Date: Mon, 20 Nov 1995 18:02:18 -0600 From: "Joseph W. DeVincentis"On the .wav that doesn't work for Preston, the similar sox command for .wav files (just replace aiff with wav) tells me "missing data portion." When I was using wavplay, I found that if you modified the code to be more generous in the allowed error between the data length encoded in the file and the actual length, that it plays many of the .wav files that seem to be encoded with the wrong length. In the wavplay source, near the top of recplay.c, you can set the condition to be more generous. For whatever reason, the author of wavplay set this to only allow an error of 1 byte, but somebody out there is making .wav files with differences of up to 100 or so bytes in the data length. I switched to using Sox because wavplay did a poor job of handling 16-bit .wav's (at least for playing on an 8-bit sound card).

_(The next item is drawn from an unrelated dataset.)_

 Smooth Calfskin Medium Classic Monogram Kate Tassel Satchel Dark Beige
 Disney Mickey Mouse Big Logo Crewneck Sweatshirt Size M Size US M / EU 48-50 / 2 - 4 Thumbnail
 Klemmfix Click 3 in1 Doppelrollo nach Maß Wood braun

However, the file on Preston's web page is worse, because the data length is set to only 24 bytes! I did some digging to find out why such a stupid thing would be done, by looking at this file in emacs.
In fact, this file seems to contain two "segments" with the first being a 24 byte "comment". Actually, there is a 3rd segment labeled "WAVE" which contains info about the type of sample, which always seems to come first. The sound data is in a segment which begins with "data" and the data length; the comment is in a segment which begins with "INFO" and the comment length.
If you remove the comment (for those of you following along at home, delete 32 bytes starting at byte 36) then the file plays fine. If this sort of comment is a legitimate feature of a .wav file, then the players/convertors should support it, by skipping ahead to the data track. (If they wanted to be fancy, they could print out the comment...) I suspect that the .wav's I found before for which wavplay reported a "wrong length difference" where the difference was around 50-100 bytes probably had a similar comment at the *end* of the file, though I don't have any such files handy to verify this.
I am sending copies of this article to the authors of wavplay and sox. Hopefully we can see new versions of these programs that handle such comments in the file.